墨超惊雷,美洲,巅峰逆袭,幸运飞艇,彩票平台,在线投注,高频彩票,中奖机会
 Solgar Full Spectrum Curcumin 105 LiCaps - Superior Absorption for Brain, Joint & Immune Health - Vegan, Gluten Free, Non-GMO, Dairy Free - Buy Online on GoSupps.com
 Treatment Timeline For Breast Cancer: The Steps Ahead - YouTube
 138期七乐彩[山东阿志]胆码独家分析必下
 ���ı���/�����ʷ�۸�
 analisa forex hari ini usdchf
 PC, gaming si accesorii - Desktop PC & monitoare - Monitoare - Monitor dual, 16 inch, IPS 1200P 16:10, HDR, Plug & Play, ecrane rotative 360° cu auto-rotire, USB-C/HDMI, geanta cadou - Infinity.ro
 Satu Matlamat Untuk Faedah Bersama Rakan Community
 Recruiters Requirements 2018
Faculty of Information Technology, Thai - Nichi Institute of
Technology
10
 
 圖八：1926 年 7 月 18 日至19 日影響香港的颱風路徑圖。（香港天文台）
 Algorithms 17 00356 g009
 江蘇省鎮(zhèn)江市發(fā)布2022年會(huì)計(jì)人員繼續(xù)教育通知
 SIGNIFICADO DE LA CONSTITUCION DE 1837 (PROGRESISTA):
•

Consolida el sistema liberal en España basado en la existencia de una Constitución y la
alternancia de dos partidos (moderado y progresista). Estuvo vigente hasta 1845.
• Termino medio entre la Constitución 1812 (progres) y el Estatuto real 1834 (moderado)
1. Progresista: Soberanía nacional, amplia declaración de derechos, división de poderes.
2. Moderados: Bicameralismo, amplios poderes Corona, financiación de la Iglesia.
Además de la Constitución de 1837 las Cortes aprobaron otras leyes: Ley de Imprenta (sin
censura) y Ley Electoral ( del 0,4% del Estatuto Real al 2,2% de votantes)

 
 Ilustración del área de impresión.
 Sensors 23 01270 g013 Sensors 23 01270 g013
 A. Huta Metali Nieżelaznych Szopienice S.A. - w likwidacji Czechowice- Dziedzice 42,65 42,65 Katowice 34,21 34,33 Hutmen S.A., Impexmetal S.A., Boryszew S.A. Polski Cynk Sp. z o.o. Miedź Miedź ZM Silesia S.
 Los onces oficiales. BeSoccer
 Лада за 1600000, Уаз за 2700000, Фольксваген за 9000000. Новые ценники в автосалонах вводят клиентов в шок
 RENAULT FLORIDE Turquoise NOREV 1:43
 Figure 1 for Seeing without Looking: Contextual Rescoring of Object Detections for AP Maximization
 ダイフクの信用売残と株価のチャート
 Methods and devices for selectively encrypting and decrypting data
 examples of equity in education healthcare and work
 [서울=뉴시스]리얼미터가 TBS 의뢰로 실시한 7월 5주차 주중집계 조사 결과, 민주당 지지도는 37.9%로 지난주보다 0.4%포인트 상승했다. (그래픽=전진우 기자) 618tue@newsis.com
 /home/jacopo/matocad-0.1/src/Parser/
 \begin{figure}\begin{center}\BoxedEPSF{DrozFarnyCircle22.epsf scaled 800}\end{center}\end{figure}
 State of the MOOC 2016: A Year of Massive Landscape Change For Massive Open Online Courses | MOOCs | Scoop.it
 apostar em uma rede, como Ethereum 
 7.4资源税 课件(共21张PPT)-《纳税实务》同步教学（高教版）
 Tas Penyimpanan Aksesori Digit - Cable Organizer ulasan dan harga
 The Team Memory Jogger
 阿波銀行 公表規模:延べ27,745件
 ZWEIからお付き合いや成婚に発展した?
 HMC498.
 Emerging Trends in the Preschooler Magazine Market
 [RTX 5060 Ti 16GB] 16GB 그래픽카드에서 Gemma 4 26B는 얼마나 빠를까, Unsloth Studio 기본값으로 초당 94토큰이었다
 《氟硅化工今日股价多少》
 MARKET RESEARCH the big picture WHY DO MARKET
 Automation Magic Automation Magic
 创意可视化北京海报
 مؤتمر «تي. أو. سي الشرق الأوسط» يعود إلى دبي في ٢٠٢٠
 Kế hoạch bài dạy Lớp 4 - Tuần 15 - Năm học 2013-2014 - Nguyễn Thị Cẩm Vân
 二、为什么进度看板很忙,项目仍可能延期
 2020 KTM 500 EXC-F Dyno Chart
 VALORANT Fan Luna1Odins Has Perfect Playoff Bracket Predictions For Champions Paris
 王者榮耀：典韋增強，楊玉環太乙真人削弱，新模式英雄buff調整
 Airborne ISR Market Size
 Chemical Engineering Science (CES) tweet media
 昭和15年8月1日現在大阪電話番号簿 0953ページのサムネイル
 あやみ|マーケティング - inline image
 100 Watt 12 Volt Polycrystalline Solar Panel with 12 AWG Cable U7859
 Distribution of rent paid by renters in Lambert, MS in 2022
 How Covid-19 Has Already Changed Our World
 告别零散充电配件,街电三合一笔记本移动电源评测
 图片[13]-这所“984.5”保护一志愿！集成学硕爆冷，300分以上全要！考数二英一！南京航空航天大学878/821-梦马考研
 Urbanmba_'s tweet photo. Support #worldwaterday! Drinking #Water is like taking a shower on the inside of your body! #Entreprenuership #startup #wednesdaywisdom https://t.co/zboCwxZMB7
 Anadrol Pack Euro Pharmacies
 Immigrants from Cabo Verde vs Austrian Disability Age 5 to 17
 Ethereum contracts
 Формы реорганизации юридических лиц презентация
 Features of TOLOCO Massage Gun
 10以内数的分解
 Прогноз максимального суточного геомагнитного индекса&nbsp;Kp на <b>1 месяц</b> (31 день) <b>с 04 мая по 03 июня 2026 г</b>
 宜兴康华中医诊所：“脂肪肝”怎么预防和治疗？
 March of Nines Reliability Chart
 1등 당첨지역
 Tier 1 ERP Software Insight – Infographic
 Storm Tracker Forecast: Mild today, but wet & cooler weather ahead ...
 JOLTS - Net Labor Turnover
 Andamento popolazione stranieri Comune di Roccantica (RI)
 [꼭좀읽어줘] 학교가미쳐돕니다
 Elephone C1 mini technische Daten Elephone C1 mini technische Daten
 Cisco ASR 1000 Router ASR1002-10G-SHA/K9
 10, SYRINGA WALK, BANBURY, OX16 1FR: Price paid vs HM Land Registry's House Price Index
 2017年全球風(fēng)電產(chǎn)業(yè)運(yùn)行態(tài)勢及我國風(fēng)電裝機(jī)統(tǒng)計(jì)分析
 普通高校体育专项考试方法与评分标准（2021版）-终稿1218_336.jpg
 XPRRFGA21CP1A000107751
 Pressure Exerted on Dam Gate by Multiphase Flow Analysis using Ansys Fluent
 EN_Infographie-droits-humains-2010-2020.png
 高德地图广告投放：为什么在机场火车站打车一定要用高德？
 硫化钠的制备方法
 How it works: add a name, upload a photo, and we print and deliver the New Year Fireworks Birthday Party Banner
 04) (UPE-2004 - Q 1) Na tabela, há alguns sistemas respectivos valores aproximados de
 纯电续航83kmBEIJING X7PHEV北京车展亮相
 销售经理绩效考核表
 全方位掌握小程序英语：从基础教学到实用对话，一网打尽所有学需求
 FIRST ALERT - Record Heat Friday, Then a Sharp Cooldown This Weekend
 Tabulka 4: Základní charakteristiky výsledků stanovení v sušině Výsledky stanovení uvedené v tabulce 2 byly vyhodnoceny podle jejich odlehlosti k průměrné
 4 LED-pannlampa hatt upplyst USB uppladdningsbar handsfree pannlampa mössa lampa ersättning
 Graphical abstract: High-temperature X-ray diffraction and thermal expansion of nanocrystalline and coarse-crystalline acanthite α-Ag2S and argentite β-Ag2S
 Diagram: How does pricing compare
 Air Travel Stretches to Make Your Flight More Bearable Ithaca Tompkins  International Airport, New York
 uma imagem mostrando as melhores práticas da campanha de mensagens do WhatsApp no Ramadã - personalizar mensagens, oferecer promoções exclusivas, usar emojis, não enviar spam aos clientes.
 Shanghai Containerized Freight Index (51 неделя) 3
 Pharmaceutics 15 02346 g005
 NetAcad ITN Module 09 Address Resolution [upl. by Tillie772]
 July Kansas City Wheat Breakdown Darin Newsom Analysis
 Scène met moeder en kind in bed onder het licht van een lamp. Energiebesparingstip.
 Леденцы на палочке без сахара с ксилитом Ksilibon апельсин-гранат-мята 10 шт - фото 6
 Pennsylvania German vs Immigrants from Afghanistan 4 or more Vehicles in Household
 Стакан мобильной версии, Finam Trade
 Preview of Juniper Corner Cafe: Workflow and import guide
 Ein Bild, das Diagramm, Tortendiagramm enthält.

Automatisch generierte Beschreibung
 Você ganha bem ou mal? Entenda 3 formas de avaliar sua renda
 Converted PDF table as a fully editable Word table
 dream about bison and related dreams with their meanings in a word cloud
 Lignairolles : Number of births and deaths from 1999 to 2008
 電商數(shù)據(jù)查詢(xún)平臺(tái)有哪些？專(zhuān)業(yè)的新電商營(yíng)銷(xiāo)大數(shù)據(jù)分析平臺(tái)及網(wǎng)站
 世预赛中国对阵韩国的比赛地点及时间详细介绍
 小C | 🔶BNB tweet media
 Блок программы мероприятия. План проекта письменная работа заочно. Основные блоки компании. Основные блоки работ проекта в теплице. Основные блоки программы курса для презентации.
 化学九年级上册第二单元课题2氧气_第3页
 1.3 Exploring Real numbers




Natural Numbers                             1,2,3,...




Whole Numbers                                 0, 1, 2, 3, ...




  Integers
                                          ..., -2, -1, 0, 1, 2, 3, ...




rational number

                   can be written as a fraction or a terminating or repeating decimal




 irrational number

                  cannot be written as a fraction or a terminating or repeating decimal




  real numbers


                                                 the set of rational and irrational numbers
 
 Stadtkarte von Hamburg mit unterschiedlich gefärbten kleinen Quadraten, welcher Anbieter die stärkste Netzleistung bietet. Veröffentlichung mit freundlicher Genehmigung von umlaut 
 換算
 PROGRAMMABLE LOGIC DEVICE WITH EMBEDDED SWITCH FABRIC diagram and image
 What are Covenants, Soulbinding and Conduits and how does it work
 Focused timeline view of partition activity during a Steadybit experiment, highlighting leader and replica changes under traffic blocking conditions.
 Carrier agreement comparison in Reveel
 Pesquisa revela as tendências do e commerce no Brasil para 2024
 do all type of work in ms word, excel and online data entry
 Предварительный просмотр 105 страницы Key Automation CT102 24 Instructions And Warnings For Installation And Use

■ **PROBLEM TO SOLVE**
Whenever the string "Chart" shows up in a line of the records, copy that line.

■ **ANSWER BELOW**
 2020 KTM 500 EXC-F Dyno Chart
 March of Nines Reliability Chart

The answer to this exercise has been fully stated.